§ Information shown
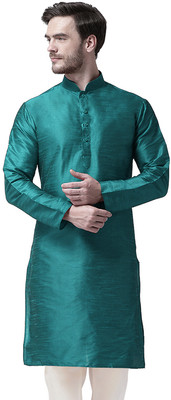 SG LEMAN Men Self Design Straight Kurta(Dark Green)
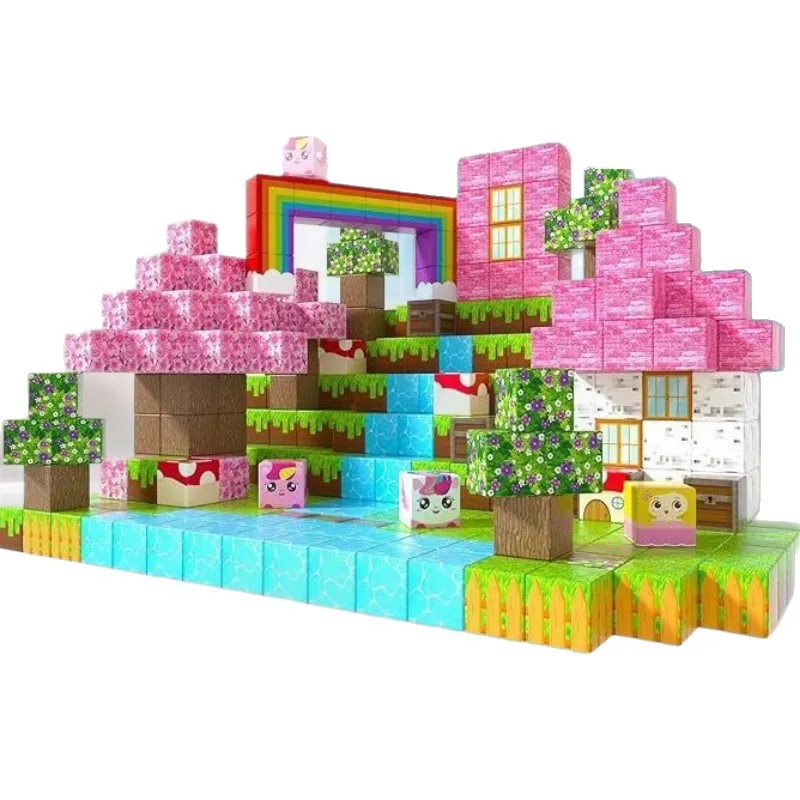STEM Sensoriale Montessori Cubi impilabili Set da costruzione Blocchi magnetici Cubo magnetico Set da miniera Giocattoli Regalo di compleanno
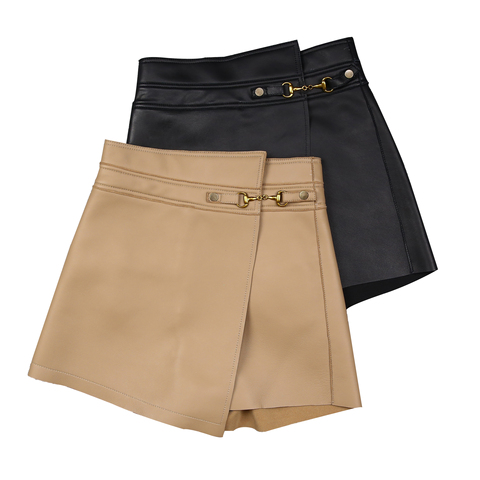 1623 Solid Color High Waist Wide Leg Shorts Real Sheepskin Fashion Women Genuine Leather Culotte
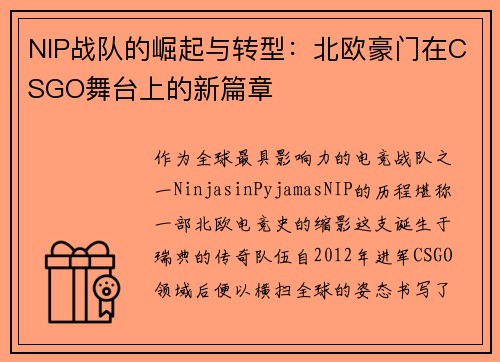NIP战队的崛起与转型：北欧豪门在CSGO舞台上的新篇章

§ Task
The reply should contain all of the data above, word for word, with no pictures.

§ Task result
 SG LEMAN Men Self Design Straight Kurta(Dark Green)
STEM Sensoriale Montessori Cubi impilabili Set da costruzione Blocchi magnetici Cubo magnetico Set da miniera Giocattoli Regalo di compleanno
 1623 Solid Color High Waist Wide Leg Shorts Real Sheepskin Fashion Women Genuine Leather Culotte
NIP战队的崛起与转型：北欧豪门在CSGO舞台上的新篇章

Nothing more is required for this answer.